TASK TO CARRY OUT: Please retype the data below line for line and leave out every picture.

□ □ □ □ □ □ □

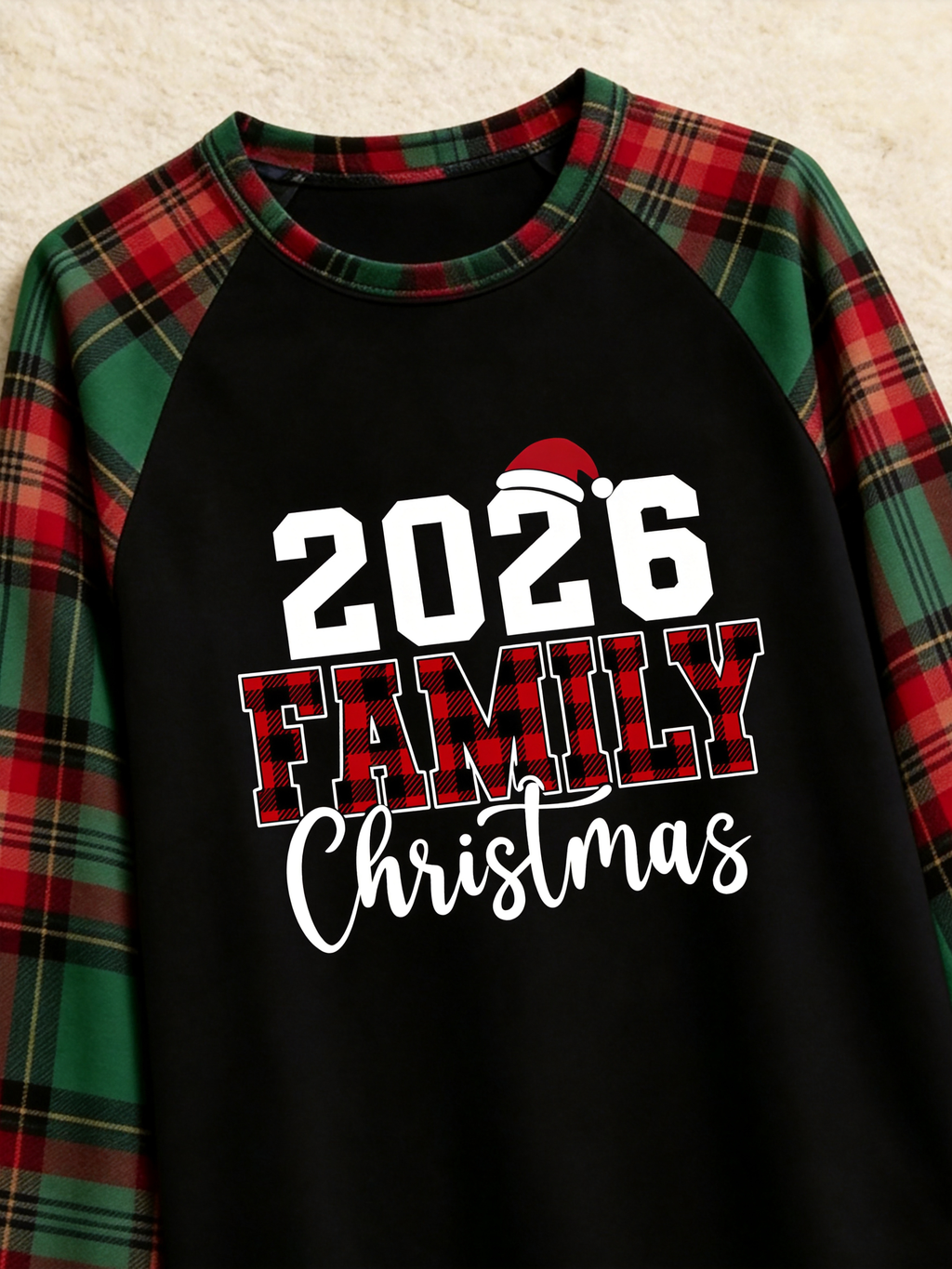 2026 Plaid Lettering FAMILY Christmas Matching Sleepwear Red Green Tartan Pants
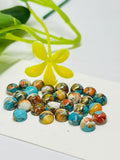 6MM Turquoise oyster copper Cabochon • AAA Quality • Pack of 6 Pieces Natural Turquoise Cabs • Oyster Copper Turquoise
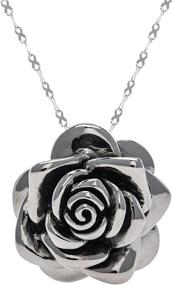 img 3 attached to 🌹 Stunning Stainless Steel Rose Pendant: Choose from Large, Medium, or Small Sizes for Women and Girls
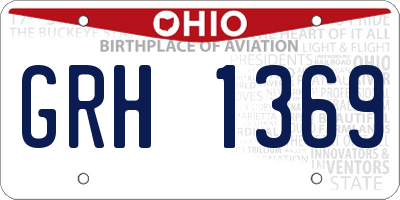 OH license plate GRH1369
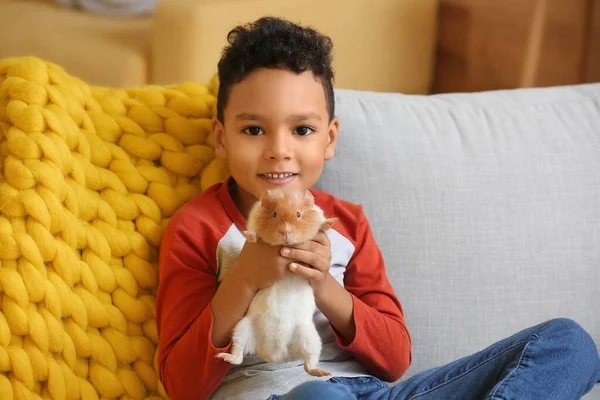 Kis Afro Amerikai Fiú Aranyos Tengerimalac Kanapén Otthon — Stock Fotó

□ □ □ □ □ □ □

WRITTEN REPLY:
 2026 Plaid Lettering FAMILY Christmas Matching Sleepwear Red Green Tartan Pants
 6MM Turquoise oyster copper Cabochon • AAA Quality • Pack of 6 Pieces Natural Turquoise Cabs • Oyster Copper Turquoise
 img 3 attached to 🌹 Stunning Stainless Steel Rose Pendant: Choose from Large, Medium, or Small Sizes for Women and Girls
 OH license plate GRH1369
 Kis Afro Amerikai Fiú Aranyos Tengerimalac Kanapén Otthon — Stock Fotó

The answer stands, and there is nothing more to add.